She’d still remain alert.
He was silent, but she knew he was there. He stood close.
She could feel his body brushing against hers with each breath he took, and she was getting a better idea of his size.
Big.
Tall.
He wasn’t anything like the aliens wearing the cloaks.
“I’ve secured the lower sector.” His voice was low, so low she almost couldn’t hear him. “We have to go this way. There’s a cargo chute in the upper sector that empties underneath the ship.
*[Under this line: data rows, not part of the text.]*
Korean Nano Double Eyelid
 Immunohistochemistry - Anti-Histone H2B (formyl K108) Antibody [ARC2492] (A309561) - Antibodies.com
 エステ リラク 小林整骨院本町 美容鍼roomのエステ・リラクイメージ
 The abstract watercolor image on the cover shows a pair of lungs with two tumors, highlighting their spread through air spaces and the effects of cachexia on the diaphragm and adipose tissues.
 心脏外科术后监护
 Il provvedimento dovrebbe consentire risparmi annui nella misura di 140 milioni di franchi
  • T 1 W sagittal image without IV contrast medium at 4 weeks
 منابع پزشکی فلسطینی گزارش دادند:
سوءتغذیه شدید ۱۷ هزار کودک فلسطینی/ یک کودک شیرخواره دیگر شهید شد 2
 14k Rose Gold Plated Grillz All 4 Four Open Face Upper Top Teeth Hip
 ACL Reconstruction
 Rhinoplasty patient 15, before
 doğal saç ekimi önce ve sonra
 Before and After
We should be able to get out from there before Herza takes this thing up into orbit.”
Fuck, he was really helping her, wasn’t he?
Hope flared inside her and Nia slipped her shoe on her foot. Bending, she felt around for the other one.
It was the only pair of shoes she had and the last thing she owned from Earth.
She couldn’t afford to lose them.
A few panicked seconds of searching passed before her fingers brushed over the missing shoe, but she didn’t get a chance to put it back on because the alien by her side was already moving.
“This way.” He was still holding her hand and she had no choice but to move with him.
But he was going the wrong way.
Nia dug her heels into the floor, causing the alien to pause.
“Can’t go that way. It’s locked. I shut it down.” She tugged on the hand holding on to hers. “The corridor is blocked and there’s not much time. I don’t know how you got in here, but we have to go back that way.”
She tugged in the other direction.
“Ta’ii, I know you think that way is the right way, but I can assure you, if we head that way, we’d be walking straight into a nest of Niftrills. I have enough firepower to get through them, but…I’d rather not get you out of here like that. We have to go this way.” He tugged her hand again with enough urgency to tell he wanted her to head in his direction.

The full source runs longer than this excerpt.